• _Description of the task_
An exact copy of all the data is needed, with every picture left out.

• _Data below_
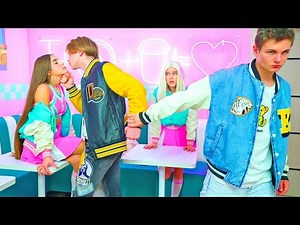 Nouvelle règle - Pas de relations dans le Camp de Diana ! | Des copines sans petit-ami !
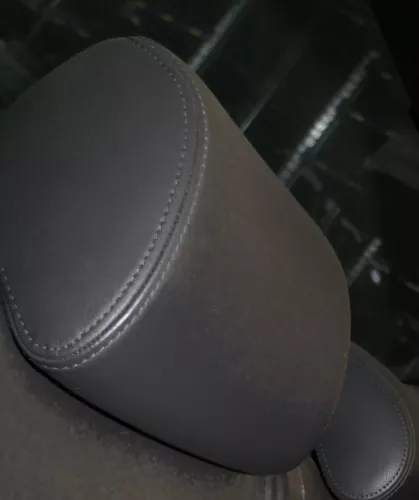 1x Jetta Golf Kom Kopfstützen Kopfstütze hinten links/rechts Leder anthrazit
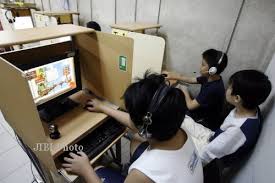 Telah terbukti banyak orang yang sukses meraup keuntungan dari bisnis warnet. Banyak Warnet Di Kulonprogo Pasang Bilik Tertutup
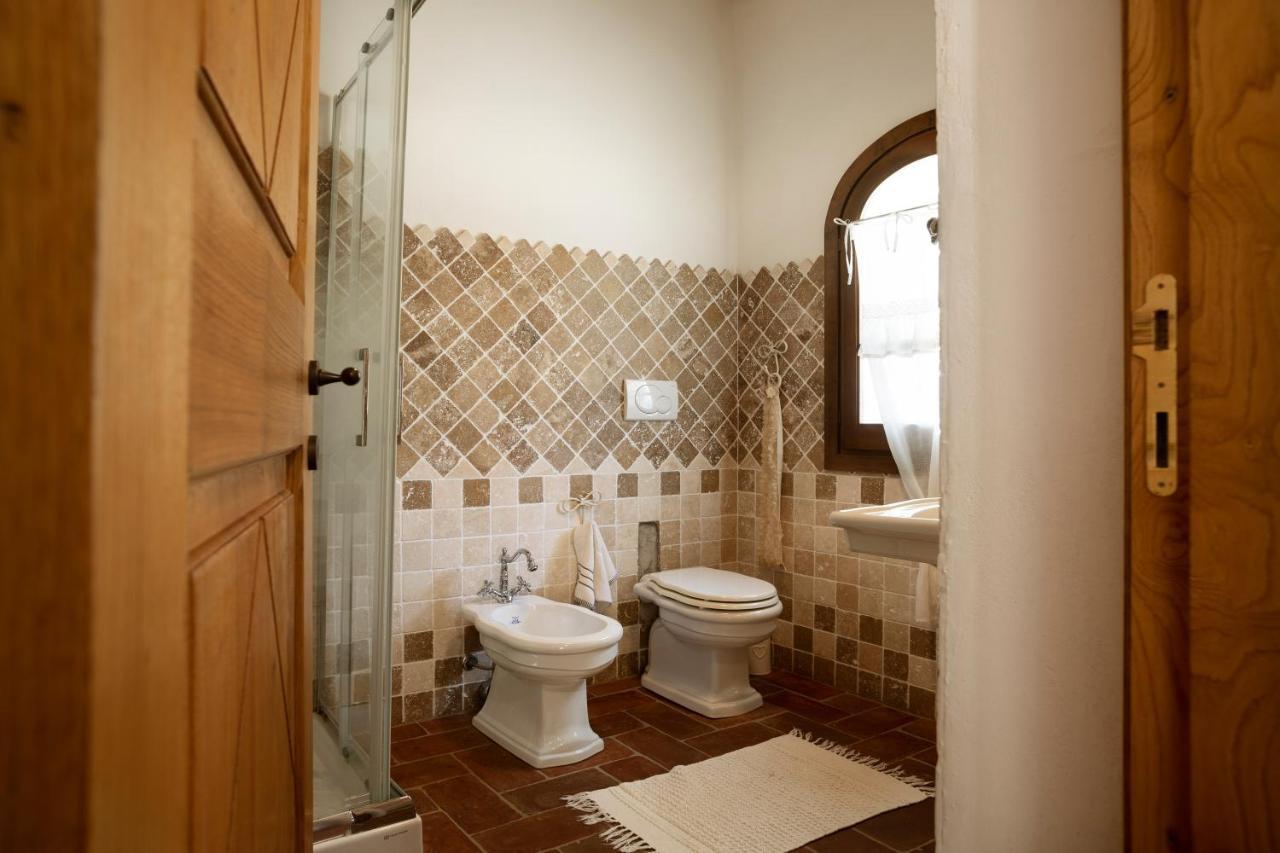 Antica Caresi B&B Olbia Esterno foto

• _Answer_
 Nouvelle règle - Pas de relations dans le Camp de Diana ! | Des copines sans petit-ami !
 1x Jetta Golf Kom Kopfstützen Kopfstütze hinten links/rechts Leder anthrazit
 Telah terbukti banyak orang yang sukses meraup keuntungan dari bisnis warnet. Banyak Warnet Di Kulonprogo Pasang Bilik Tertutup
 Antica Caresi B&B Olbia Esterno foto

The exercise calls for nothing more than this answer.